Uau! Quanto tempo sem post! Até me senti estranha. Hoje vou postar um trechinho de Contagem de Corpos - um trecho que eu gosto bastante por muitos motivos. Segue.
Atravessaram a praça e andaram alguns quarteirões até chegarem a um
pequeno prédio pintado em verde e branco. Aparentemente era novo em folha, o
que Felipe constatou ao entrar na recepção. Cadeiras ultra modernas ocupavam o
espaço dedicado aos pacientes. A secretária vestia roupa branca com um
coletinho verde, da mesma cor da pintura, por cima da blusa, e falava ao
telefone. Sorriu e sinalizou para que esperassem.
- Sim, sim, dona Mercedes, mas a senhora precisa vir o quanto antes, ou
senão... Sim, eu sei que a senhora está cuidando do seu netinho, mas aqui temos
uma área infantil e ele vai ficar bem.
Olhou para os dois e sorriu novamente, como se pedisse desculpas. Natália
sentou-se em uma das cadeiras e Felipe fez o mesmo. Notou uma bancada com
diversas revistas e quadrinhos infantis, além de vários brinquedos espalhados
dentro de um cercadinho onde duas crianças brincavam com carrinhos de bombeiro.
Natália cruzou as pernas graciosamente e olhou ao redor como se, a qualquer
momento, um monstro fosse entrar pela porta e matá-la.
- Medo de dentista? – perguntou Felipe, sorrindo sem olhar para ela
- Trauma de infância. Não tem graça fazer brincadeiras sobre medo de dentista.
É algo muito real. E muito ruim. Por isso mesmo eu passo horas cuidando dos
meus dentes, pra nunca ter que ser vítima em um massacre com aquelas canetinhas
barulhentas.
- E eu achando que você fosse durona.
Natália perdeu a chance de responder à altura quando a recepcionista os chamou
com um sorriso.
- Desejam marcar uma consulta ou orçamento? Tenho certeza que posso encaixar
vocês depois do próximo cliente
- Na verdade – disse Natália, puxando o distintivo – assunto da polícia. Mas
podemos esperar, certamente. – disse ela à recepcionista, sorrindo.
Antes que a secretária pudesse responder, a porta do consultório abriu e uma
mulher saiu acompanhada pela dentista, que sorria e afagava seu ombro.
- Dessa vez foi ruim, Cláudia, mas seu tratamento está definitivamente
melhorando. Pense só, faltam apenas três canais e depois, só alegria! – disse a
dentista.
A tal Cláudia mal conseguia sorrir, mas acenou em afirmativo para Aline e
chamou as crianças. Aline acenou em despedida e olhou para Natália.
Imediatamente parou de sorrir, mas manteve a pose profissional até o fim.
- Olha quem decidiu dar uma olhada na dentadura. Cárie, Natália? – perguntou, claramente
irônica.
- Cárie, eu? Imagine, Aline, sou muito limpinha. Quem tem cárie é meu amigo
aqui. Conheça Felipe. Ele veio da capital pra ajudar a gente em um caso aqui e
de repente teve dor de dente. Você pode dar uma olhada na dentadura dele?
- Claro, claro. Letícia, avise a próxima consulta que eu tenho um provável
cliente no consultório e posso atrasar um pouco, sim?
- Claro, doutora. Aviso sim.
Aline fez um gesto com uma das mãos e sorriu, indicando para que Natália e
Felipe entrassem no consultório.

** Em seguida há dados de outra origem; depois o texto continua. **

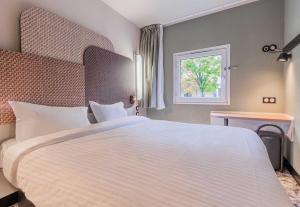 Postel nebo postele na pokoji v ubytování B&B HOTEL Mulhouse Dornach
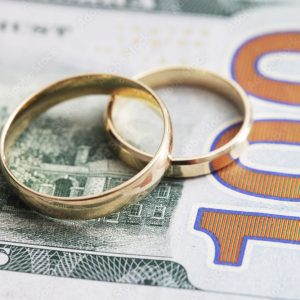 image of wedding rings atop $100 bill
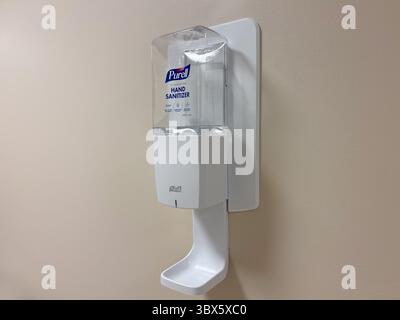 Wall-Mounted Purell Hand Sanitizer Dispenser Isolated Stock Photo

Entrou atrás deles e fechou a porta, apontando
a cadeira a Felipe, que sentou-se nela sem cerimônia.
- Acho que não tenho cárie, doutora. Deve ter sido sensibilidade ou coisa
assim.
- Isso vamos descobrir. – disse Aline, já calçando as luvas e pegando os
instrumentos. – Abra a boca e diga “ah”.
Felipe fez o que ela disse e tentava falar com a boca aberta, fazendo com que o
som saísse abafado e estranho.
- Eu cuido bem dos meus dentes. Passo fio dental e tudo.

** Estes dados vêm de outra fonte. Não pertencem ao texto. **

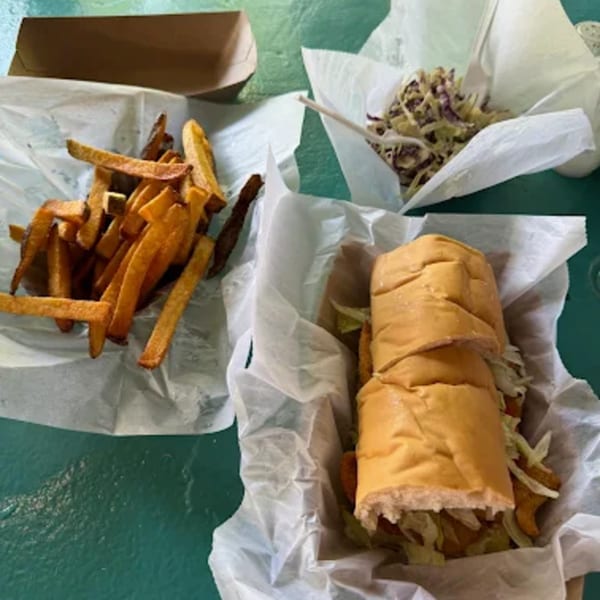 A B.O.'s Fish Wagon fried fish sandwich, fries, and coleslaw in paper-lined baskets.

- Mas parece que não é o suficiente. – disse a dentista, suspirando. – Você tem
duas pequenas cáries nos dentes incisivos. Posso removê-las em meia hora e sem
anestesia.
- Sem problema. Medo de dentista é algo que eu não tenho. – disse ele, olhando
para Natália e se acomodando mais na cadeira.

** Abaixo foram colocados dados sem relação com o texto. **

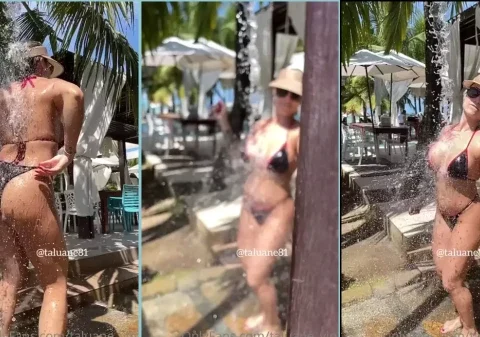 Gostosona na praia tomando um banho de chuveiro só de biquíni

Natália olhou-o como se ele fosse louco, revirou os olhos e encostou-se na porta
do consultório, cruzando os braços de maneira largada. Aline reunia os
materiais com uma calma impecável. Preparou-se para começar o procedimento em
silêncio, como se o único presente além dela fosse seu paciente.
- Então, - começou Natália - ouvi dizer que você foi assaltada outro dia mesmo,
Aline. Por que não foi na delegacia preencher um boletim de ocorrência?
- Nem precisei. – respondeu Aline, já com a caneta na mão – Não foi nada de
mais, achei melhor nem fazer alarde sobre a situação. Foi um susto.
- Ainda assim, tentativa de sequestro? Você devia preencher um relatório.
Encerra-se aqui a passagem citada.